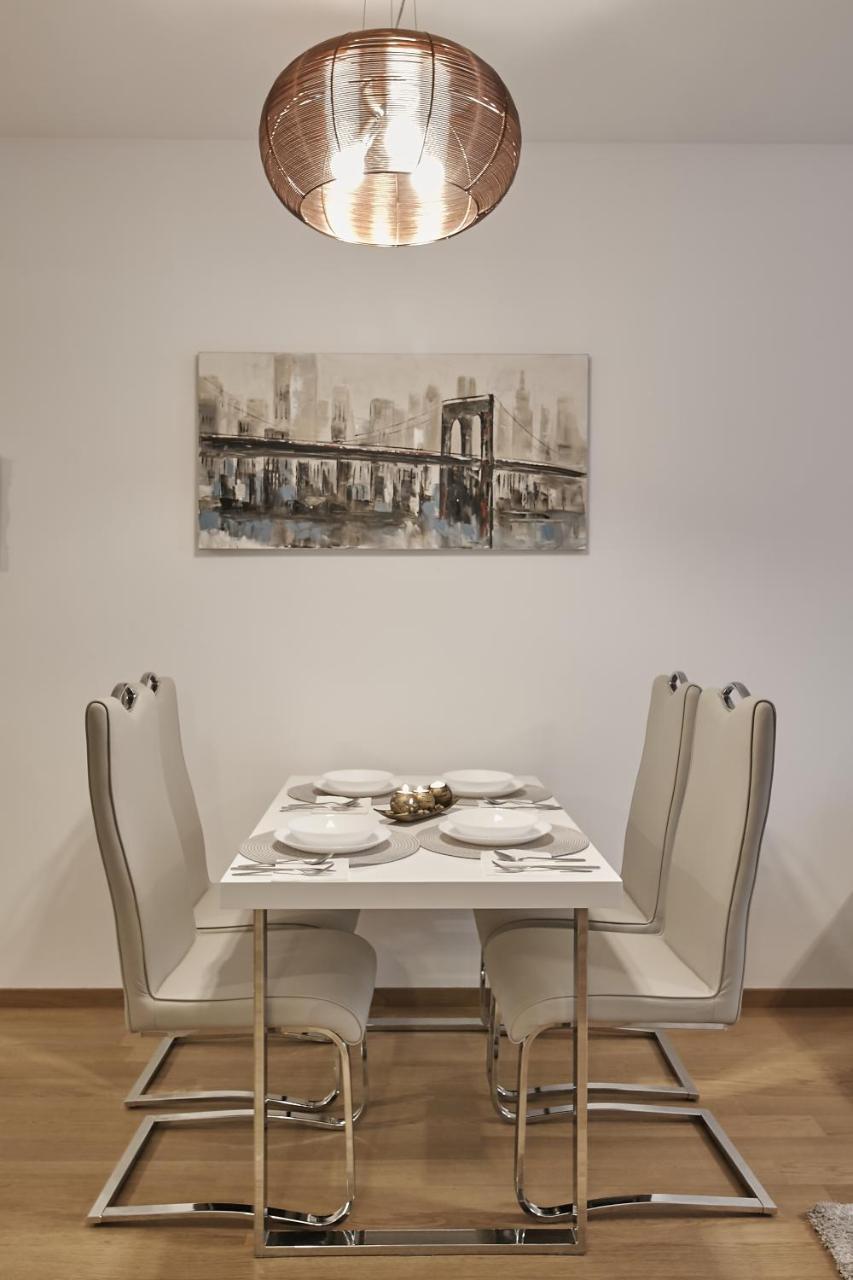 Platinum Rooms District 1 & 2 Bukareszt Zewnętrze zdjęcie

+ + + + + + +

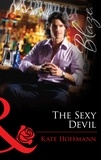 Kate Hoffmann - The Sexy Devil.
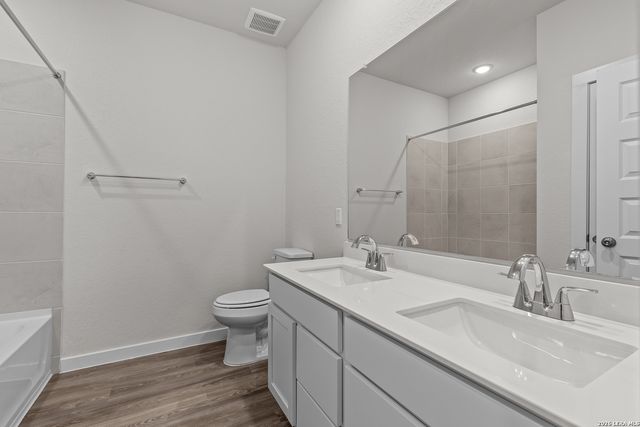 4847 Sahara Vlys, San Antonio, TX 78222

+ + + + + + +

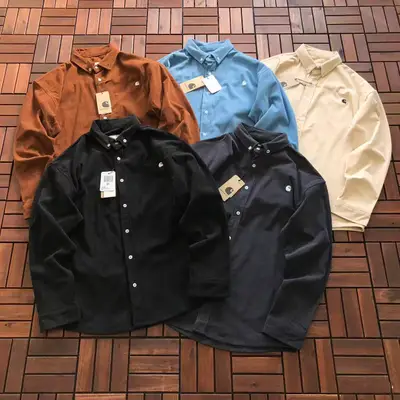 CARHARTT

+ + + + + + +

> [EXERCISE] Above are records with pictures. Reproduce exactly only the lines from the line with "Kate Hoffmann - The Sexy Devil." through the line with "4847 Sahara Vlys, San Antonio, TX 78222", both ends included, and leave the pictures out.

> [TASK RESPONSE]
 Kate Hoffmann - The Sexy Devil.
 4847 Sahara Vlys, San Antonio, TX 78222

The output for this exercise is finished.